That said, the two views expressed above offer a look into what is good about more jobs/hiring; more money flow. What is bad about rising continuing claims, less money flow. Those receiving benefits have some money flow, but obviously not enough. Those who have quit looking… must be living off of saving or receive other welfare benefits from the government… reverse money flow. Putting this data in perspective helps me understand why GDP growth is flat. Without growth in money flow from jobs and wages commerce suffers or growth becomes stagnant. If government spending drops along with these areas it puts more pressure on commerce. Adding it all up and you see why corporate earnings growth has slowed the last three quarters.
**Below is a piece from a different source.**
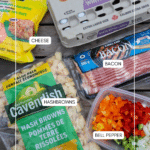 A photo displays packaged ingredients on a wooden surface: a carton of extra-large eggs, a bag of shredded cheese, sliced bacon, a bag of frozen hashbrowns, and a container of chopped bell peppers.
If we add in the estimates for first quarter earnings growth at zero you get the picture of why the markets may be working on borrowed time.
The Philly Fed index slowed to 5.2 in February and well below the expected 8 in the forecast. This supports the data from the Empire state index which fell to 7.8 missing forecasts as well. Again what does it mean? Simple version is manufacturing in these regions are slowing. If we are producing less, we are selling less and again we are back to the money flow issue. Both indexes are believed to give some indication of what the direction of the ISM manufacturing report will take, it is issued monthly based on the national manufacturing growth or decline. One additional input for the manufacturing sector is a stronger dollar. Manufacturing is top-heavy on the exporting side, and a stronger dollar will cool the pace of growth due to the highest currency cost. Let’s just go with the simple view… less cash flow in the manufacturing sector in January equals slowing money flow in the economy.
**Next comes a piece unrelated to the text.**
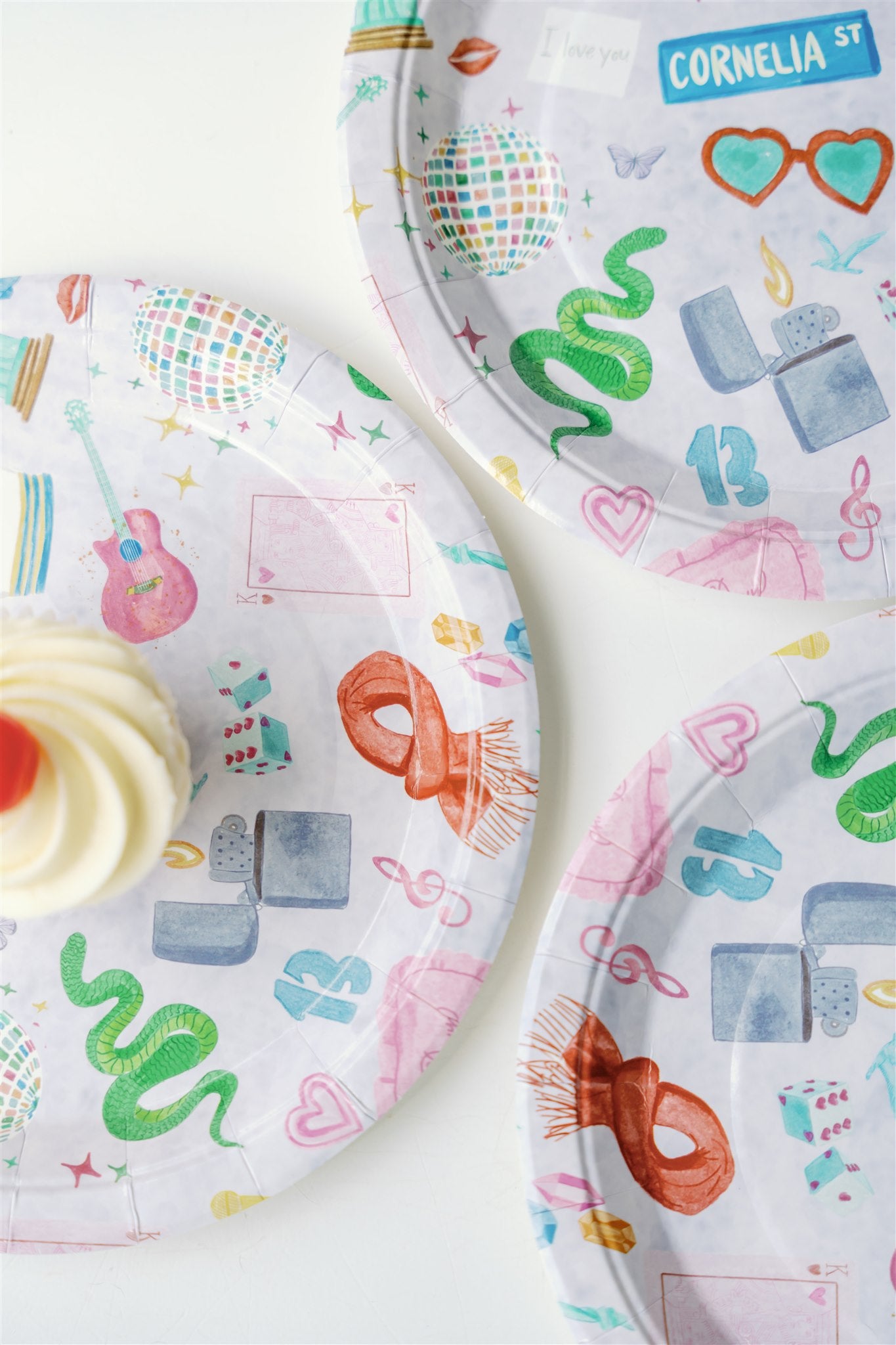 Light purple paper plate with original watercolor art of Taylor Swift icons.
US leading economic indicators rose in January, up 0.2% pace, but that is half the 0.4% rate in December. Back to, what does it mean? Since it is a survey, it suggests that the outlook for positive (above zero) short-term growth in 2015 is slowing or as the headlines might say… moderating. The report shows a lack of momentum in residential construction, weaker outlook for new orders in manufacturing (see above), and poses a downside risk for the US economy. Again, slower money flow impacts growth in the commerce of America.
Last, and certainly not least, Americans aren’t shopping or spending like they believe the economy is healthy and growing. Retail sales fell for the second month in January. Some estimates believe the consumer will pick up the slack from the manufacturing sector for money flow in the economy… based on the declines the last two months that doesn’t seem to be adding up. Should I be so bold as to suggest healthcare costs are rising? Or maybe the cost in housing is influencing the spending side? One area where spending has increased in restaurants. A look at the index shows the last thirteen months has been on a steady climb for stock prices. Thus, money flow is positive… stock prices are positive. Gasoline prices dropping has helped free-cash-flow, but that is not making it’s way to the retailers… at least not according to the data. Jobs and wages are still greatest contributor to retail spending and with wages stagnant and new jobs being added at the lower end of the wage scale the money flow has not shown up in the retail data… at least yet. Again, slower money flow impacts the growth in commerce.
I am not in the business of prophecy only investing based on my beliefs. My beliefs tell me it is time to be cautious about the advancement of the broader market indexes. I am not selling my positions, I am not running in the streets calling for the end of the world as we know it economically. I am not yelling to buy gold, silver, guns, ammo or any other fear mongering asset. All I am saying is you are in control of your money’s destiny… protect it wisely. Use stops, hedge, whatever strategy keeps your money out of harms way should the data all add up to selling in the broad market indexes. Know one knows when the lack of money flow will show up in the price of stocks.